Enviada em 28/08/2019

A partir da Revolução Industrial com a aceleração da produção no Brasil e a diversidade de produtos ofertados, intensificou-se o Capitalismo como resultado, logo o consumismo se iniciou. Nesse sentido, tal fenômeno leva a destruição dos próprios consumidores, pois as escolhas por excessos inconscientemente ocasiona a produção na mesma intensidade de lixo que ocasiona degradação da humanidade, ou seja, do meio ambiente.

Em primeiro lugar, é relevante ressaltar a cultura de um país de querer estar sempre na “moda”. Posto que as pessoas consomem além de suas necessidades para acompanhar os padrões impostos principalmente pela mídia, em razão de uma comunidade obcecada em obter poder de aquisição. Nesse viés, se consolida o capitalismo - busca incensante por lucros - juntamente com as propagandas que proporcionam a compra através do crédito, na qual facilita aderimento do consumismo por todas as classes sociais. No entanto, a compra exacerbada de produtos resulta a produção em massa de lixos.

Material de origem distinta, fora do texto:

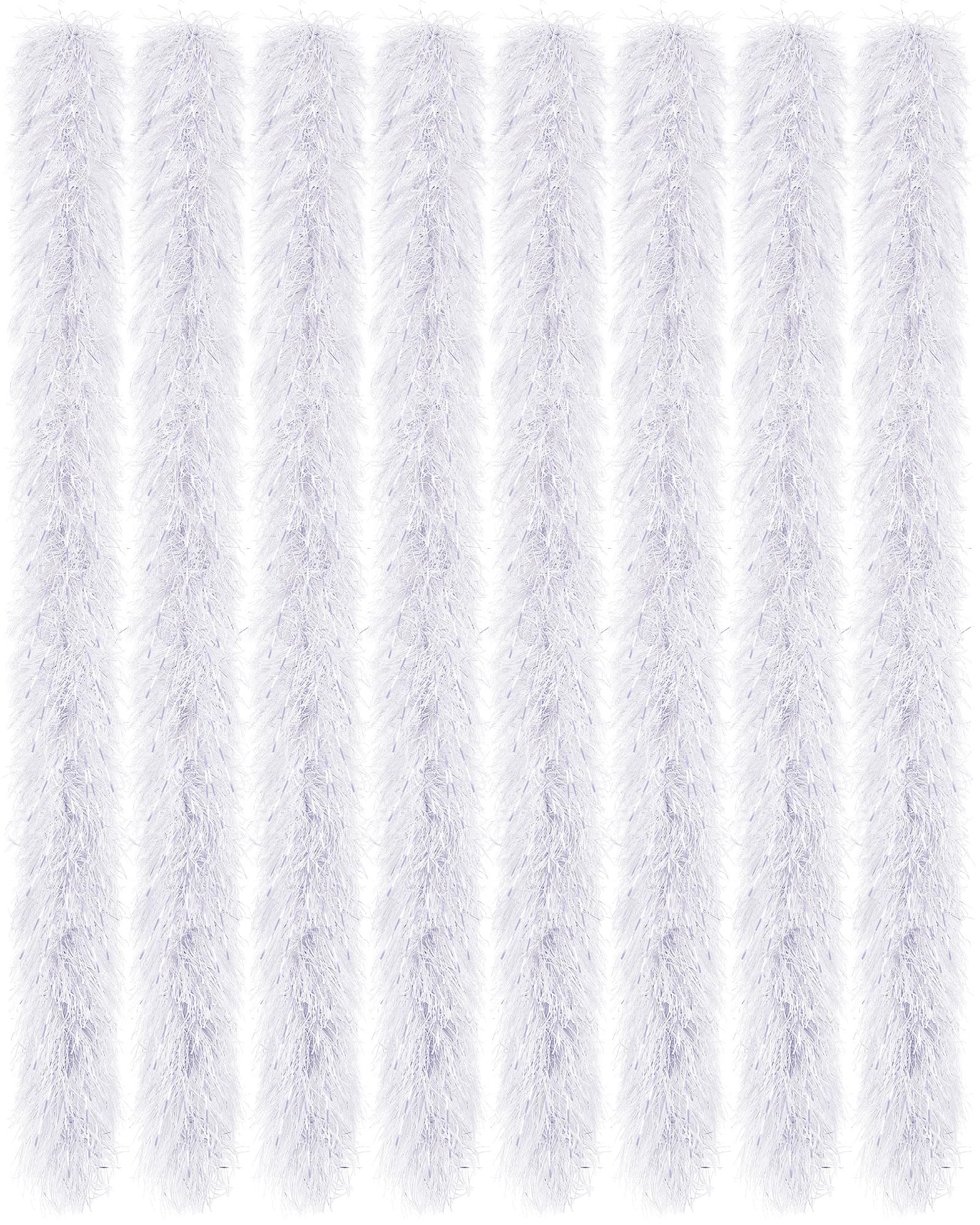 Jexine Feather Boas Bulk Artificial Fluffy Boas Decor for Wedding Costume Dress Tea Party Supplies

Ademais, são inúmeras as consequências dos despejos demasiadamente, como a poluição. Com efeito, o aumento de lixões - que deveriam ter sido erradicados desde de 2014 segundo a Política Nacional de Resíduos Sólidos (PNRS), entretanto até agora mantém-se em funcionamento - resulta na degradação da vida na terra, pois, o efeito estufa é atingindo pelos poluentes e consequentemente aumenta o aquecimento do planeta. Por isso, essa elevação de temperatura pode provocar desastres irreversíveis pela ação do homem que não possui senso crítico nem consegue controlar seus impulsos de compra.

Diante do exposto, é necessário que o consumo seja reduzido, para assim o lixo alcançar o mesmo resultado. Portanto, o Ministério do Meio Ambiente deve promover reeducação de uma população consumista visando a preservação da vida na humanidade, por meio de projetos desenvolvidos nas instituições de ensino, onde se forma o senso crítico do cidadão, com vista para os impactos do consumo inconsciente. Dessa maneira, a sociedade refletirá sobre o assunto logo reduzirá o consumo e tomará como princípio o que diz o Relatório Brundtland: atender as necessidades presentes sem comprometer a das futuras gerações.